───── INFORMATION SHOWN ─────

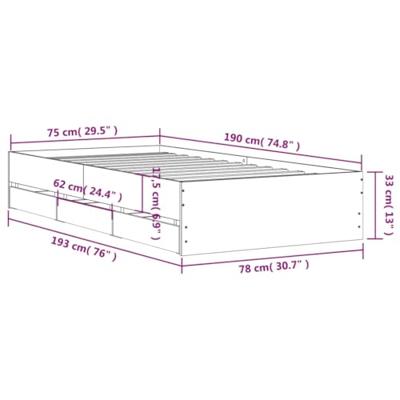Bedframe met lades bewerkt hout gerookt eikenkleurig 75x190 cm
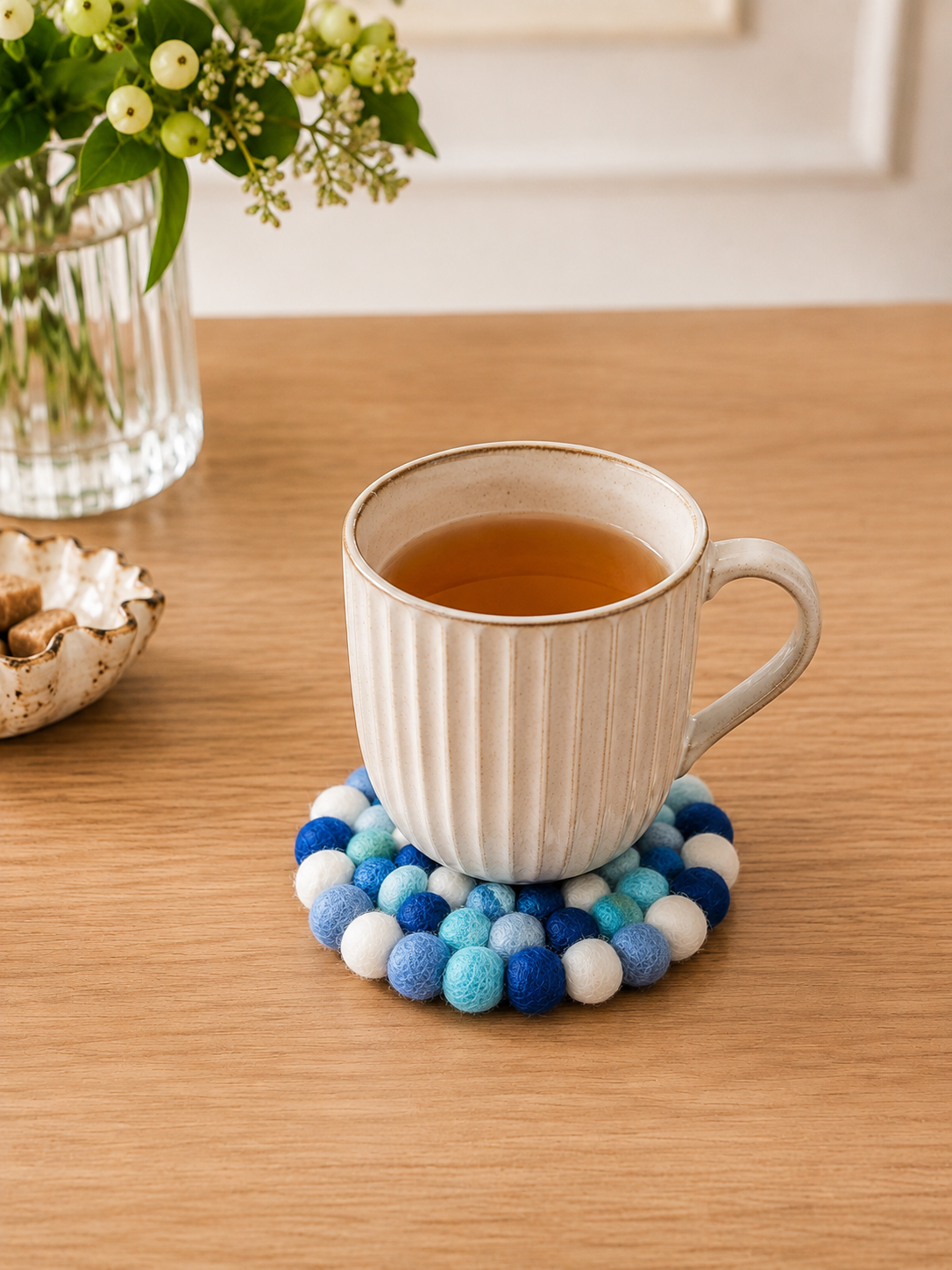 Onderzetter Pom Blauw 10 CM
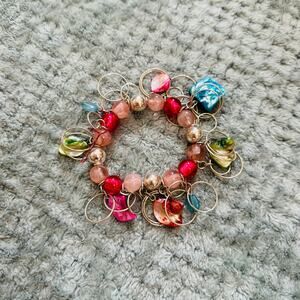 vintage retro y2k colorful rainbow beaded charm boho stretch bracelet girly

─────

* WORK TO COMPLETE
"Onderzetter Pom Blauw 10 CM" marks the first line to copy; copy that line and every line after it through the last line of the listing, exactly and without pictures.

* YOUR SOLUTION
 Onderzetter Pom Blauw 10 CM
 vintage retro y2k colorful rainbow beaded charm boho stretch bracelet girly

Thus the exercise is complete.